A fanatic, of any specie, is an idiot.


----------



## Recce41 (24 Sep 2005)

48th
 You said it, if it doesn't hurt us, just turn our backs. What interest did we have with Iraq? We have our own oil, we don't need any sand, we have Suffield, Camels are a lil poor at pulling a sled. And don't give me the WMD crap. The US gave it to them, for the war against Iran. 
 I think it's living so near 2 Ks away, to the US, has given me a different outlook on Americans.

 I'll tell my Sister in Law shes wrong. After 4 yrs Univ. and 20+ yrs working for the Goverment.


----------



## 48Highlander (24 Sep 2005)

Recce41 said:
			
		

> 48th
> You said it, if it doesn't hurt us, just turn our backs. What interest did we have with Iraq? We have our own oil, we don't need any sand, we have Suffield, Camels are a lil poor at pulling a sled. And don't give me the WMD crap. The US gave it to them, for the war against Iran.



 :

Read through the forums; all these things have been discussed before, and I'm not going to take the thread off topic just to debate with someone who obviously doesn't have a clue what he's talking about.



			
				Recce41 said:
			
		

> I think it's living so near 2 Ks away, to the US, has given me a different outlook on Americans.
> 
> I'll tell my Sister in Law shes wrong. After 4 yrs Univ. and 20+ yrs working for the Goverment.
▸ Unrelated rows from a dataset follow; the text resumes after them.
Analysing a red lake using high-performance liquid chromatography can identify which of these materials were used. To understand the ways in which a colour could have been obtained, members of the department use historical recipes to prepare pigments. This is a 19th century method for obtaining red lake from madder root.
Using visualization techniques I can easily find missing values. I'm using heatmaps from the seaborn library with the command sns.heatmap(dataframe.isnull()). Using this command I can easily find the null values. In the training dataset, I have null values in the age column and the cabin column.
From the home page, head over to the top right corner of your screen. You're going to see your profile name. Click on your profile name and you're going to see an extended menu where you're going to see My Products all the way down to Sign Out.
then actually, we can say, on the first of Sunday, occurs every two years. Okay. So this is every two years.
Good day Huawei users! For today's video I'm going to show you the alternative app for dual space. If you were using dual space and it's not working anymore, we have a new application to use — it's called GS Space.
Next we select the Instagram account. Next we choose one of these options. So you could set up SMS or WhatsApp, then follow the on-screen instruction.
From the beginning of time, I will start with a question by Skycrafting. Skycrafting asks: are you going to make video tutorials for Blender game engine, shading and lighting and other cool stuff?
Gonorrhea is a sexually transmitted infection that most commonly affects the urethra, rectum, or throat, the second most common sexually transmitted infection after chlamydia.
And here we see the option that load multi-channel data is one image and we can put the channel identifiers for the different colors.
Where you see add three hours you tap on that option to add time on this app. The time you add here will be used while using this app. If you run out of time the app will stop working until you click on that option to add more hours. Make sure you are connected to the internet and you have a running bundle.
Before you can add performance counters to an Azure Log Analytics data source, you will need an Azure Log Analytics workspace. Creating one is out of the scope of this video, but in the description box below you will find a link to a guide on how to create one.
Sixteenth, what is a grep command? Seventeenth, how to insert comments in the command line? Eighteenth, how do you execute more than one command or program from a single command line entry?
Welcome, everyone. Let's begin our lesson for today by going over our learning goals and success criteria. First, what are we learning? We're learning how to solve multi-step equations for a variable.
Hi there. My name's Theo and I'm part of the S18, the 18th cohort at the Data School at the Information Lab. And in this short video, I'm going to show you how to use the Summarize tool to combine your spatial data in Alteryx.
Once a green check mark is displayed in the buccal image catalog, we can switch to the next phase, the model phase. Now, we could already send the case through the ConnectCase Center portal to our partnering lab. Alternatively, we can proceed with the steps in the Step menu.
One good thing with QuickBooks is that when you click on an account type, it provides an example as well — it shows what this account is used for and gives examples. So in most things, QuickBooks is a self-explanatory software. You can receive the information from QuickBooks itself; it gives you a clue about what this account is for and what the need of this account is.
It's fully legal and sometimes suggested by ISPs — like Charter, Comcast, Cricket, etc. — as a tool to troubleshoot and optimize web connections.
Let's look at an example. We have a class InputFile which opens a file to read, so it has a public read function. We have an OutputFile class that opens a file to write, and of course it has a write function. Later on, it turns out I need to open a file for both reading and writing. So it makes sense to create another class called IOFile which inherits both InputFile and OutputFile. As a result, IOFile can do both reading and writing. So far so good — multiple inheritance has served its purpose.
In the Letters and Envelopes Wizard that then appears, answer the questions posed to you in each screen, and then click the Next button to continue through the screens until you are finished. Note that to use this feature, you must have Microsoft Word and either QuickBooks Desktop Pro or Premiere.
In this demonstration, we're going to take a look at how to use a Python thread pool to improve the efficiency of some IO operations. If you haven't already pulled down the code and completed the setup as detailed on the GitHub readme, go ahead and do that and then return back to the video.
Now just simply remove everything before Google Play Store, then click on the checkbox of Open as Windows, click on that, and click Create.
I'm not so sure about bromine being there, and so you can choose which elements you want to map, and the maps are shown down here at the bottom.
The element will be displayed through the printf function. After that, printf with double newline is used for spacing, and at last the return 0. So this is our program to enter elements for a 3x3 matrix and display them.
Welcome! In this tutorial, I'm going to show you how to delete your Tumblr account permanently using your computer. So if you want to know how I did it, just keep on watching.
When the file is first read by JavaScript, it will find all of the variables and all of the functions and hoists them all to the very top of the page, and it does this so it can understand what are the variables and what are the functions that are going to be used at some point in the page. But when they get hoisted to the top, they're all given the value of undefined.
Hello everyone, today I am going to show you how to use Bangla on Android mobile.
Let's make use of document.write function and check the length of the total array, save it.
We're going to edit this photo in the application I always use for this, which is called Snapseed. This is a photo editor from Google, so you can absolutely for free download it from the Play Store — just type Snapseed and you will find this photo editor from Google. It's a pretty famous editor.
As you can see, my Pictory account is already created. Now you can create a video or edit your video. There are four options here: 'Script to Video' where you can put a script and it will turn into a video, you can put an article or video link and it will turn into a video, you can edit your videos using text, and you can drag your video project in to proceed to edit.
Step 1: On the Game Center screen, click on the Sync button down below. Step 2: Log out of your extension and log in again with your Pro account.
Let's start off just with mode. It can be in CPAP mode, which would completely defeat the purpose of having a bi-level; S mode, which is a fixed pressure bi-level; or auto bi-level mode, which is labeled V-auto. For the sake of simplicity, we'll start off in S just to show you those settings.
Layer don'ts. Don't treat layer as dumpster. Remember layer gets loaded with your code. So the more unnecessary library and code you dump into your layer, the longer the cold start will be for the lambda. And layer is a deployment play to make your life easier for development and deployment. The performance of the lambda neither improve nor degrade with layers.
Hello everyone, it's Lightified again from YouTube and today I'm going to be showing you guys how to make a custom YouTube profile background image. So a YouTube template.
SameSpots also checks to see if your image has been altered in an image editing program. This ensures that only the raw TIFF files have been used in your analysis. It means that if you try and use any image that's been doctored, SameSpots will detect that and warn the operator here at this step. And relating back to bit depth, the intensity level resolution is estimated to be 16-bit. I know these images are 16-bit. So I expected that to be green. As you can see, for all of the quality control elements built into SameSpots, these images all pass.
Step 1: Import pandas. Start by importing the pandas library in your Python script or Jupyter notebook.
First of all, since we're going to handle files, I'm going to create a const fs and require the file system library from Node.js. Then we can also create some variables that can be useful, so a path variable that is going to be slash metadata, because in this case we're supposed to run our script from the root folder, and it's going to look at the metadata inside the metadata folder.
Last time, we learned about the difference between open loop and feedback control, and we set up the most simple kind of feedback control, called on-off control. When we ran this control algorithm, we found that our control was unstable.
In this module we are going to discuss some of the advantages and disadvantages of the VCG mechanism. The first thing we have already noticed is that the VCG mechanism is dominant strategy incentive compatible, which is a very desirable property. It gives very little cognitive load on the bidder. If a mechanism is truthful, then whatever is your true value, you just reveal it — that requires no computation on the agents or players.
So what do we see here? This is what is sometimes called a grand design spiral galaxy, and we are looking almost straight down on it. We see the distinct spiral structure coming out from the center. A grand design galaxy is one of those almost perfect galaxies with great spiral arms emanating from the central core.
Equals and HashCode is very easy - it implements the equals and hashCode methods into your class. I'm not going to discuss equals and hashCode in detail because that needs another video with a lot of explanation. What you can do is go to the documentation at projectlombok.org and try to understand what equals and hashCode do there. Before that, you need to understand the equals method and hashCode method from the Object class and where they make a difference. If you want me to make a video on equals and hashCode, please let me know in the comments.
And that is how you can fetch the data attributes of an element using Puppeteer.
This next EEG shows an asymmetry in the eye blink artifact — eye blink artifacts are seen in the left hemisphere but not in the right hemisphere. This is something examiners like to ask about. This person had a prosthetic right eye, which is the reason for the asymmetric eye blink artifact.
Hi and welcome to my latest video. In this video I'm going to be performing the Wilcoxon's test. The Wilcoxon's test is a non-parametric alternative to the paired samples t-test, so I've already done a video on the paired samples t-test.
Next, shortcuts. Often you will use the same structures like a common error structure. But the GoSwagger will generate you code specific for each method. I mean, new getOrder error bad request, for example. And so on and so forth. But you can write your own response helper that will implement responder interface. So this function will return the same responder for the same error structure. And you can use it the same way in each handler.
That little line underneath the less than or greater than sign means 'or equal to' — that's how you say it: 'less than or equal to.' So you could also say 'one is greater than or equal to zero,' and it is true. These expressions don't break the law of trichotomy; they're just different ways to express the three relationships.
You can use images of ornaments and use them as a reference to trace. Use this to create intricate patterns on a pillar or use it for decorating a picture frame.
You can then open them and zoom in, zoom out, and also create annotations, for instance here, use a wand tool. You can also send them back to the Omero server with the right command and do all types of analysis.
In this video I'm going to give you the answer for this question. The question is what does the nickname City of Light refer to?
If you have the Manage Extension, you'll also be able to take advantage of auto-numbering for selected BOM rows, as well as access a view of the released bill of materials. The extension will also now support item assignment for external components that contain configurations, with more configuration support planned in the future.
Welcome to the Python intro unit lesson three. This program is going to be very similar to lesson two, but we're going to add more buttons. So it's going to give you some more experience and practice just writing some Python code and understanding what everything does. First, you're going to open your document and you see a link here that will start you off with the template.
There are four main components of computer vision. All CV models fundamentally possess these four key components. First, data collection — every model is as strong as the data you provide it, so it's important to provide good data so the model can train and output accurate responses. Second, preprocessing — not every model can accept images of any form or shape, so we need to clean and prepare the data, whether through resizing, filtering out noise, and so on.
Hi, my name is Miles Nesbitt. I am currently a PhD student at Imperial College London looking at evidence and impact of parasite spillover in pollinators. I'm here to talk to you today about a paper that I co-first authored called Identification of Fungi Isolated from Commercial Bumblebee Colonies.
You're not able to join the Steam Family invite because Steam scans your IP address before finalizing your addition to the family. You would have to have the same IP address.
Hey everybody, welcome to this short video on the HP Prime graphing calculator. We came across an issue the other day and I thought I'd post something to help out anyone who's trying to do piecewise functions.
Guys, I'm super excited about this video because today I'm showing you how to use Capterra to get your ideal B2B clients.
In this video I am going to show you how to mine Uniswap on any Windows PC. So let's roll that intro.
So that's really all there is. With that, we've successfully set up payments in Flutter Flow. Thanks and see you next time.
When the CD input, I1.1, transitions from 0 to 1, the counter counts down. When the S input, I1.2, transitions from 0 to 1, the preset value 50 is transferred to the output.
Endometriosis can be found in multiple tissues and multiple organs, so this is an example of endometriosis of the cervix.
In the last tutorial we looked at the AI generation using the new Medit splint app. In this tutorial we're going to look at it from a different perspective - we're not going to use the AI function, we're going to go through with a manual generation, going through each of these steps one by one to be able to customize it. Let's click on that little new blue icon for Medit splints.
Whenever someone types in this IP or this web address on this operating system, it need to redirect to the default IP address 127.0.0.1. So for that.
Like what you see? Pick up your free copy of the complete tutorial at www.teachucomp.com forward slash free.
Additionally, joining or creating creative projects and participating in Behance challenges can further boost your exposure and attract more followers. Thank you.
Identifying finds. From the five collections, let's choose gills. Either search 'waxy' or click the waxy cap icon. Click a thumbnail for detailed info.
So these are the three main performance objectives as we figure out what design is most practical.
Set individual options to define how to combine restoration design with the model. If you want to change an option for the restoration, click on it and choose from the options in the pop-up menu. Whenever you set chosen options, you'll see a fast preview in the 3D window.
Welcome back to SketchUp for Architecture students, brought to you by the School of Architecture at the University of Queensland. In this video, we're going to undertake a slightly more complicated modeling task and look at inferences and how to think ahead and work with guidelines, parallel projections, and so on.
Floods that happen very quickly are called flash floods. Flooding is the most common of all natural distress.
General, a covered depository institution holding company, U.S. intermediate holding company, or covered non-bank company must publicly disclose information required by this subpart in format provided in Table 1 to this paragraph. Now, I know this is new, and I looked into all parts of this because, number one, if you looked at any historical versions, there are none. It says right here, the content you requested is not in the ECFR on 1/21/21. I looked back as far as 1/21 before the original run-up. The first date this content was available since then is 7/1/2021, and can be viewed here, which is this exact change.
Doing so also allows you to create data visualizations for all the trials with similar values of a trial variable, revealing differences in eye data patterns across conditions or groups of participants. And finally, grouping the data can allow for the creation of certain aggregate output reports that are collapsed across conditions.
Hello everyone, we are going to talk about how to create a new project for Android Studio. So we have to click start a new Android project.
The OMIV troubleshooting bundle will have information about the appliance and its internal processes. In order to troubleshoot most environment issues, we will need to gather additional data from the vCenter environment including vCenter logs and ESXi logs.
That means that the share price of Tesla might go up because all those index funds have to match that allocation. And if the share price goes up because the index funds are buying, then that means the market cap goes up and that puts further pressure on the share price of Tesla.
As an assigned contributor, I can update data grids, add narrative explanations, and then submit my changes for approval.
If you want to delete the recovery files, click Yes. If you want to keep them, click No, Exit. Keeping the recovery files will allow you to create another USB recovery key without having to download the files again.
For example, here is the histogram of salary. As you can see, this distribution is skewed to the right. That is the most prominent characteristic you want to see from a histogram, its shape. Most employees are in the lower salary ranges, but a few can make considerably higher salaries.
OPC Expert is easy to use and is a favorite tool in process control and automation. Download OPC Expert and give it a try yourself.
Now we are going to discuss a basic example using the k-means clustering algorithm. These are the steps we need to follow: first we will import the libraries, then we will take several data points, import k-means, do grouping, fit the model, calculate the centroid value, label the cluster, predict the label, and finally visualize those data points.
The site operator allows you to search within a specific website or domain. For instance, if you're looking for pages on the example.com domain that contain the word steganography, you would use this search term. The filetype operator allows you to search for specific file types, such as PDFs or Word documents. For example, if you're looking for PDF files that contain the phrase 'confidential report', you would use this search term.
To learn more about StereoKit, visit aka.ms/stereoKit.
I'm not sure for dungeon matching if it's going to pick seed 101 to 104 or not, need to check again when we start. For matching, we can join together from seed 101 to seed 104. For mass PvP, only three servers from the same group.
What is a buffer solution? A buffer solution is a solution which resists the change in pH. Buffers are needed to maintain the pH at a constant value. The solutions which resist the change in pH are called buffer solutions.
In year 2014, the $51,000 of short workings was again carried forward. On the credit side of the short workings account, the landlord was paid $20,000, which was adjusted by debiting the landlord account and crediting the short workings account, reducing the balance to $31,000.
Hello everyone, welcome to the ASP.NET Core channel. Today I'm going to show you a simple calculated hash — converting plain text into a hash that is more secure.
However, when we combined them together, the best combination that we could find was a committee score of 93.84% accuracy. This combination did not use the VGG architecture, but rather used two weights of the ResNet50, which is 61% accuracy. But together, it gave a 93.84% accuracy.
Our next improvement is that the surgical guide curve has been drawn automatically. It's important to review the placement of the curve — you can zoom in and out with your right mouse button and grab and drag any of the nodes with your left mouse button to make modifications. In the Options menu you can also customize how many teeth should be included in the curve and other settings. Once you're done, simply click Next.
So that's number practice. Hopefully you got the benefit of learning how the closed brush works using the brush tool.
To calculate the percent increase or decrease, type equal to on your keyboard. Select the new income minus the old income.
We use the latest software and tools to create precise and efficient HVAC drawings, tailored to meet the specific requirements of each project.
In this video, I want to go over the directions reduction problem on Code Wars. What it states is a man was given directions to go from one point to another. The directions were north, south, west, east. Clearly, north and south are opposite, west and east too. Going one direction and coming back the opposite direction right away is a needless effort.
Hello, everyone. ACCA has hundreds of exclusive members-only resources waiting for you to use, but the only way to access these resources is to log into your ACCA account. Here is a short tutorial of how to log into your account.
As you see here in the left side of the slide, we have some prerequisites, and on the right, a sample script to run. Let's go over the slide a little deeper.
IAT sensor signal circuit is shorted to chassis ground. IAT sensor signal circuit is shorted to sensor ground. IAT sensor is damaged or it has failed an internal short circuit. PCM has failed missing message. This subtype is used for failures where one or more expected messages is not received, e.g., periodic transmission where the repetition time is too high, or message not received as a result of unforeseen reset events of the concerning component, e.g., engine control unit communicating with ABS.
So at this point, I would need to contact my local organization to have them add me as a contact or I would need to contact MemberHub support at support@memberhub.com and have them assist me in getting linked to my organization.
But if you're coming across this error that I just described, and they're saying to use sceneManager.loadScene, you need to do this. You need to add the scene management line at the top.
Awesome.  Hope she takes it well.  Good luck!


----------



## Cloud Cover (24 Sep 2005)

Infanteer said:
			
		

> (ie: where is Carrolyn Parrish from?   ).



Urban Ontario. Big difference from the rest of it.


----------



## Sapper Bloggins (25 Sep 2005)

What I've found to be more disturbing after 9/11 is what followed after that fatal day when Americans adopted a different attitude. Instead of looking outwards and seeking to understand the causes behind what had happened to them, Americans have withdrawn into a delusionary world of self-righteousness and arrogance.
The worst kind of this state, which manifested itself as ' patriotism ' and being exceptional, prevented Americans from carrying out much needed soul-searching and fact finding. Instead of trying to understand the root causes, most Americans accepted the naive conclusion that America was attacked because it was "good, free, economically prosperous, and democratic".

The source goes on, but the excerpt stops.